少女が超能力を発揮する、という設定はよく聞く話ですね。ポルターガイスト現象の現場に少女がいた、などといった例もありますし、映画の世界でも『エクソシスト』(1973年)は少女に悪霊が乗り移り、デ・パルマ監督の『キャリー』(1976年)は厳格な母親の元に育った内気な少女が実はとんでもない能力を持っていた、という話です。

 (相棒の皆無が以前、新旧『キャリー』について記事にしております)

cinematoblog.hatenablog.com

 

 母親と少女の関係、という点で『キャリー』と『魔夏少女』は近しい作品ともいえます。少なくとも『魔夏少女』は『キャリー』を意識していることは間違いないでしょう。

 

特に象徴的なのが、『キャリー』では映画の冒頭にでてきたシャワールームでの初潮のシーン。

それが『魔夏少女』においては、学生惨殺事件の後の、少女の浴びた血を洗い流す母親という構図に変化します。この場において母親は少女の力を認識し、それを世間に隠すことを決意します。共犯と化したわけです。

 

この母親と少女の関係性に注目して両作品を見比べるととても面白いと思います。

実はラストも似て(…これ以上はネタバレになりそうなのでカット!)。

 

で、90年代あたりからジャパニーズホラーがブームになる、その何歩か手前の隠れた名作として『魔夏少女』は一部のファンに記憶されることになったのですね。

 

それは主演の小川範子の力が大きいかと思います(当時、13・4歳!)。一見、ただの美少女に見える彼女ですがその演技力や陰のある表情により、いかにも超能力使いそう系なトンデモ少女として説得力のある佇まいをしています。

物語の前半は駄々っ子で構ってちゃんな部分がクローズアップされ、それが超能力の発動に関わっているのですが、後半の完全に力をコントロールできるようになり、そしてその力を使うことに躊躇いを覚えない様子は、彼女でないとうまく演じきれなかったでしょう。

 

母親は少女を世間から隠そうとするのですが、その少女は母親にまでもその超能力を使おうとする…。

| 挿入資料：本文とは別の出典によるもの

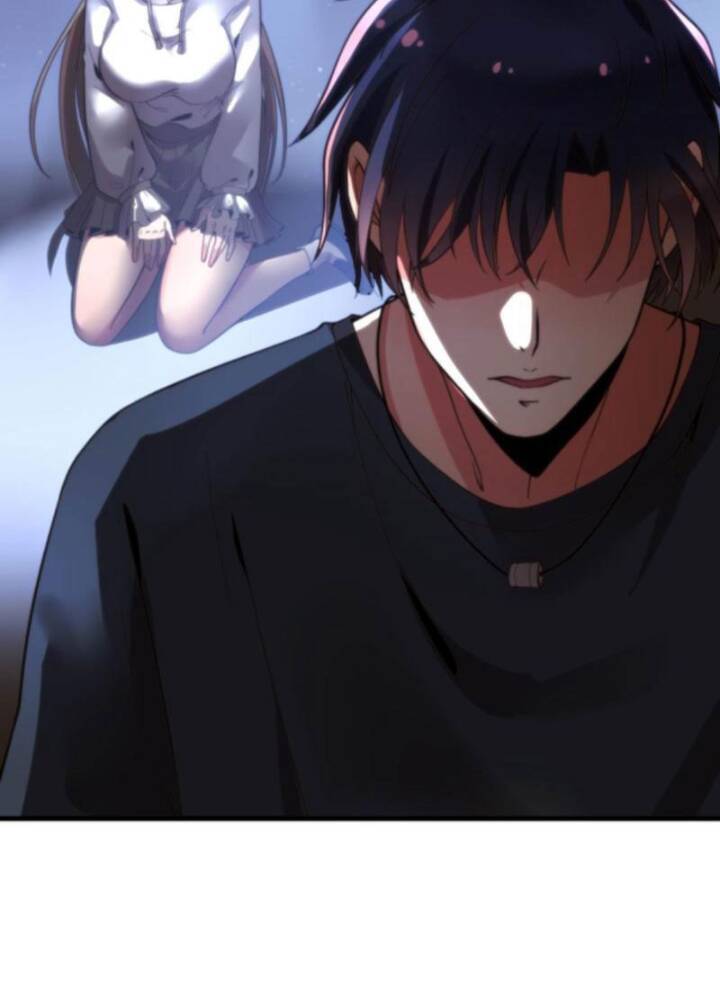 Ta Có 90 Tỷ Tiền Liếm Cẩu! Chap 16 - Next Chap 17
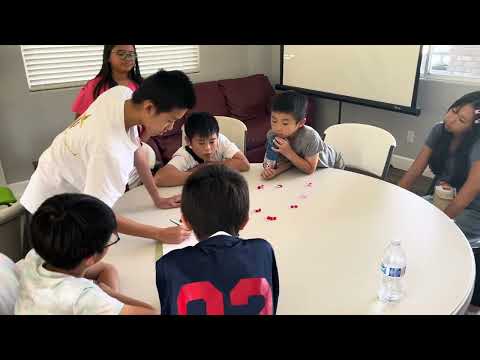 Magic Triangle and Instruction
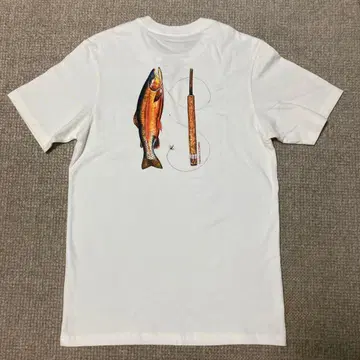 patagonia word trout SIMPLE FLY FISHING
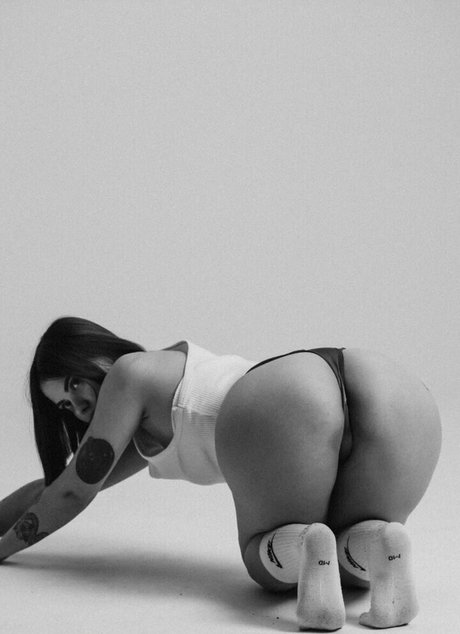 sexy blonde onlyfans kostenlose exklusive galerien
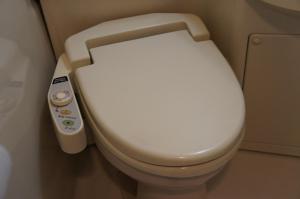 Hotel Abest Osu Kannon Ekimae Hane no Yu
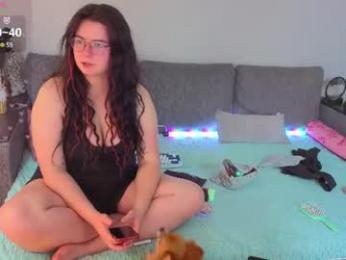 s_katekisa_ss webcam model stream image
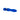 Selopa_Blue_Belle_Wand_Vibrator_Handle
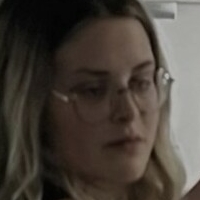 Jaq.tz Naakt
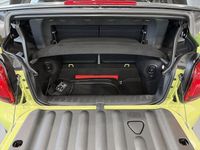 MINI Cooper Cabrio - Vorschau Bild 15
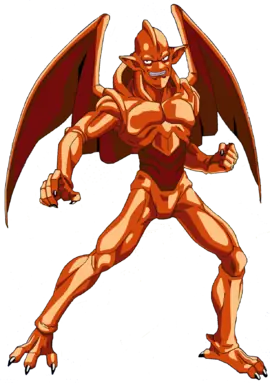 Los mejores 75 villanos de Dragon Ball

その眼差しの何と美しいことでしょうか!

 

 

『魔夏少女』感想・評価まとめ

そんなわけで簡単に振り返った本作ですが、実は脚本家の伴一彦氏のサイトで脚本を読むことが出来ます。

こちら→魔夏少女のシナリオ

先ほどちらりと内容を確認しましたが、シナリオでも読ませる内容となっております。

 

ちなみに本作の演出をつとめた吉田秋生はこの18年後に主演の小川範子と結婚します。

 

ホラー、オカルト、サスペンス、スプラッターなどの様々なブームを取り込み、なおかつ、小川範子原田美枝子という世にもまれな美形な親子の狂った愛情の世界を描写する、どの作品とも異なる個性を持つ本作。この夏に観てみるのも一興かと思います!